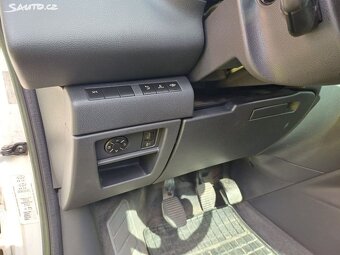 Prodám Peugeot 5008 ,rok 2011 - 17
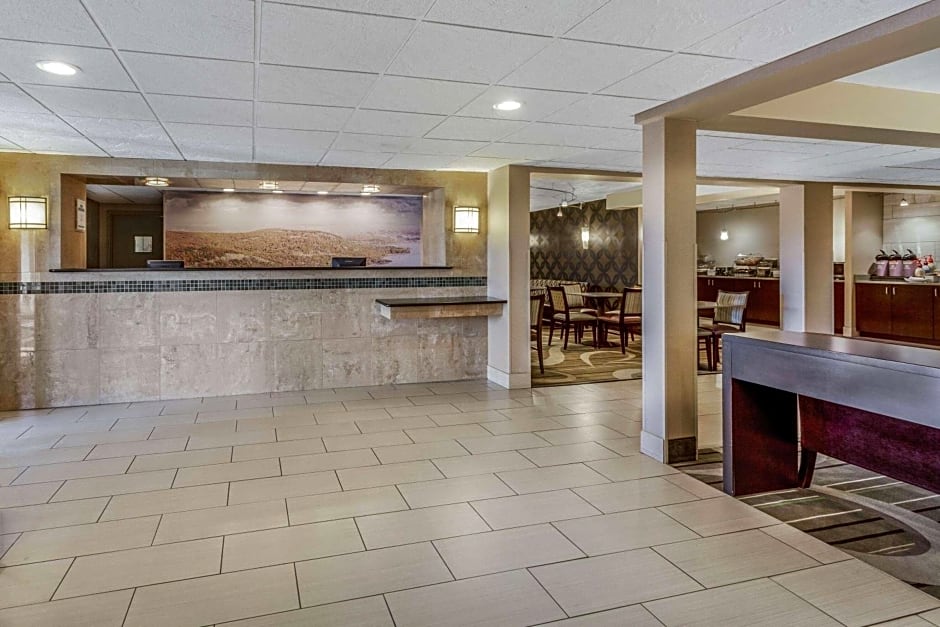 La Quinta Inn & Suites by Wyndham Binghamton - Johnson City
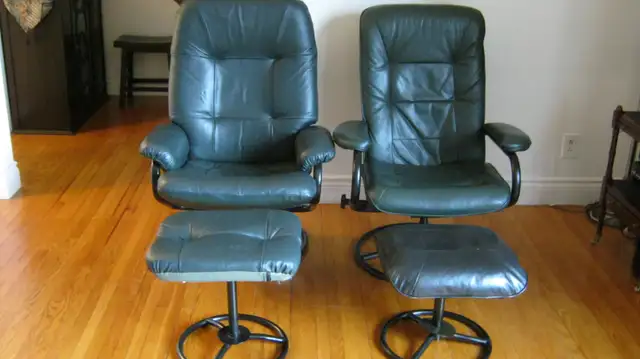 Two Leather Recliner-chairs with Ottoman. Dark green in Chairs & Recliners in Kingston - Image 2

§

All that belongs in the answer is the exact run of lines from the line containing "La Quinta Inn" to the end of the listing above, pictures removed.

 La Quinta Inn & Suites by Wyndham Binghamton - Johnson City
 Two Leather Recliner-chairs with Ottoman. Dark green in Chairs & Recliners in Kingston - Image 2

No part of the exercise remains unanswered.